Some observers even expect OPEC+ to extend the cuts until the end of the year, which has lent support to prices on expectations that this would bring the oil market closer to a shortage.
“Expectations of a continuation of OPEC+ production cuts into Q224 is also weighing on sentiment as soft demand is expected to persist…However, time spreads for Brent futures contracts have widened. The move to stronger backwardation (market structure) will be supportive of a more bullish stance for prices as markets are pricing in tightening in the months ahead,” BMI analysts said in a note this week, as quoted by Reuters.
“Tailwinds like tightening physical markets and headwinds such as Chinese growth concerns and higher rates in US,” are keeping oil prices range-bound, Kotak Securities’ head of commodity research, Ravindra Rao, told Bloomberg.

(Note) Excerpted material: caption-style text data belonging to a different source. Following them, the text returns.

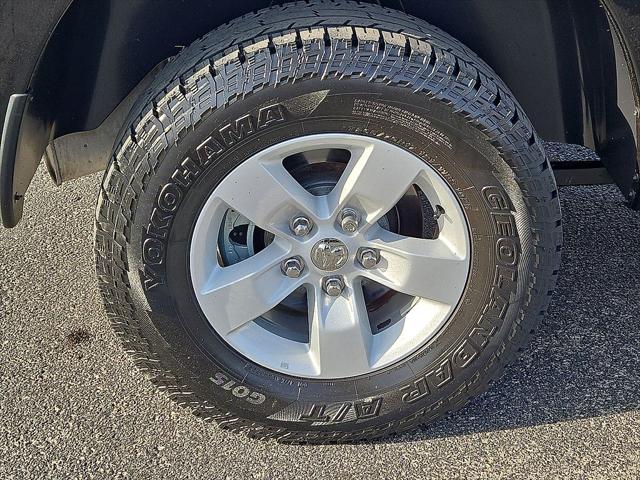 2023 Ram 1500 Classic Tradesman Crew Cab 4x4 5'7" Box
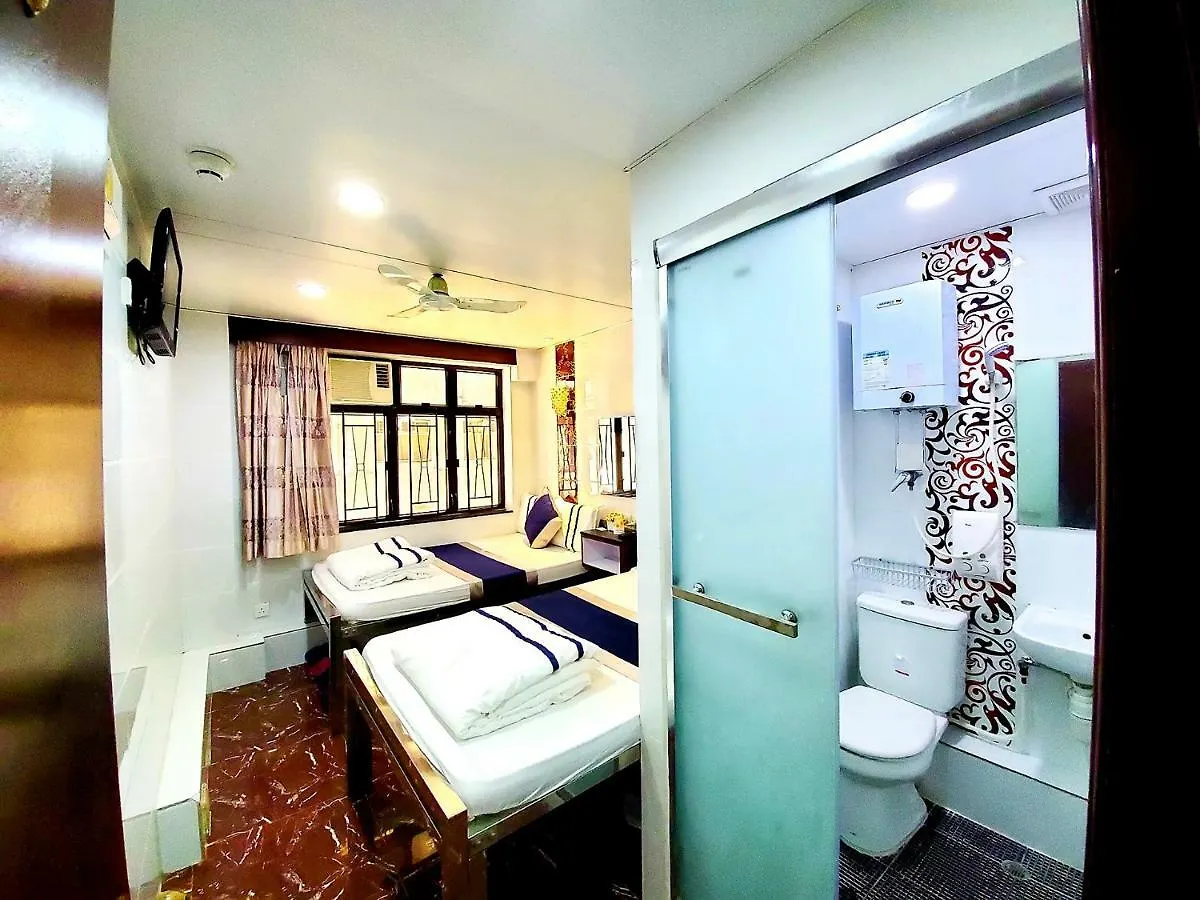 Capital Guest House Kowloon  Čína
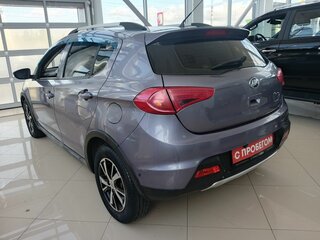 2016 Lifan X50, фиолетовый, 309000 рублей, вид 4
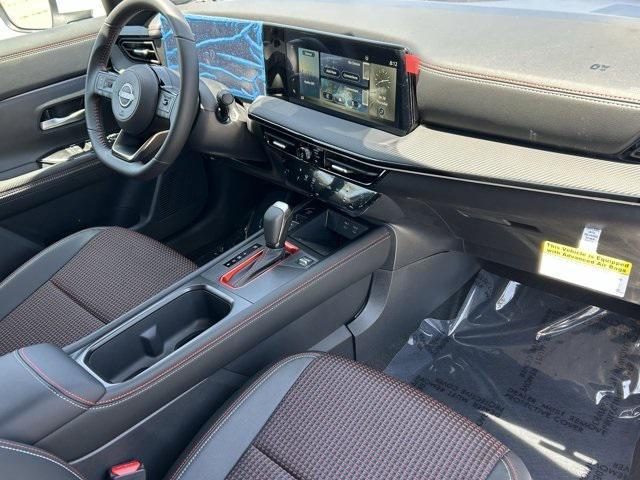 new 2025 Nissan Kicks car, priced at $28,721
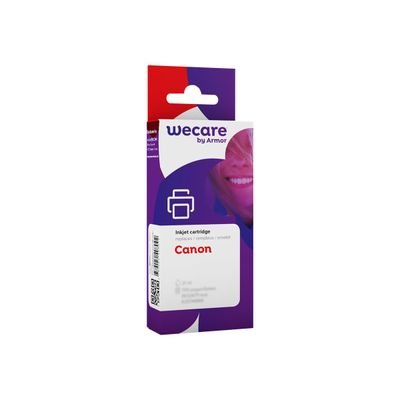 8715057012600-Cartouche compatible Canon PGI-5 - noir - Wecare-Angle gauche-0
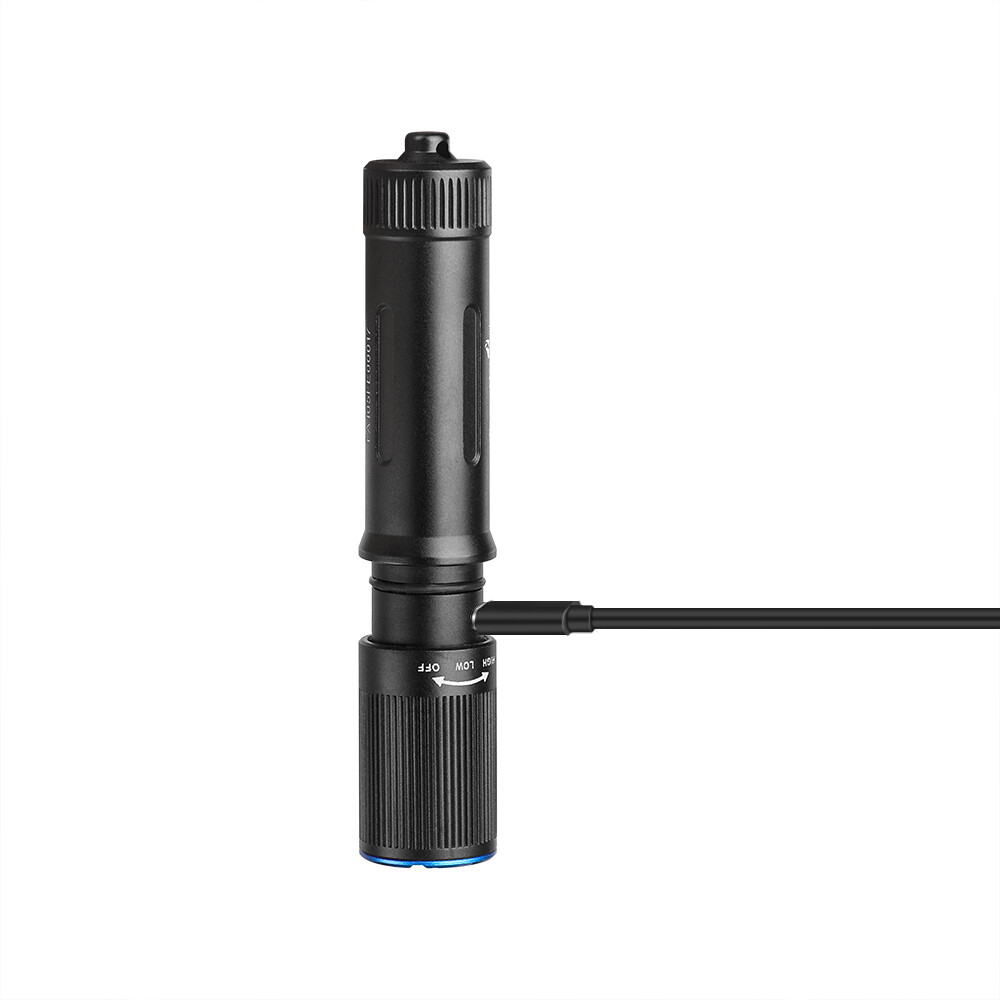 Trustfire MINI3S Keychain Flashlight 235Lumen Rechargeable EDC MINI Flashlight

The publication noted that prompt time spreads for both Brent crude and West Texas Intermediate have been in backwardation for some time now, and the gap has been expanding, suggesting a perception of a market that is going to get tighter in the future.
While OPEC+ production policy leads in the tailwind department, when it comes to headwinds, it’s Chinese demand that is top of everyone’s mind. Earlier this month, Eurasia Group predicted that China’s 2024 oil demand growth rate would be a lot more modest than last year’s, at between 250,000 bpd and 350,000 bpd.
The motivation for this prediction was the state of China’s construction and car sectors, which, according to Eurasia Group, were “exhausted”.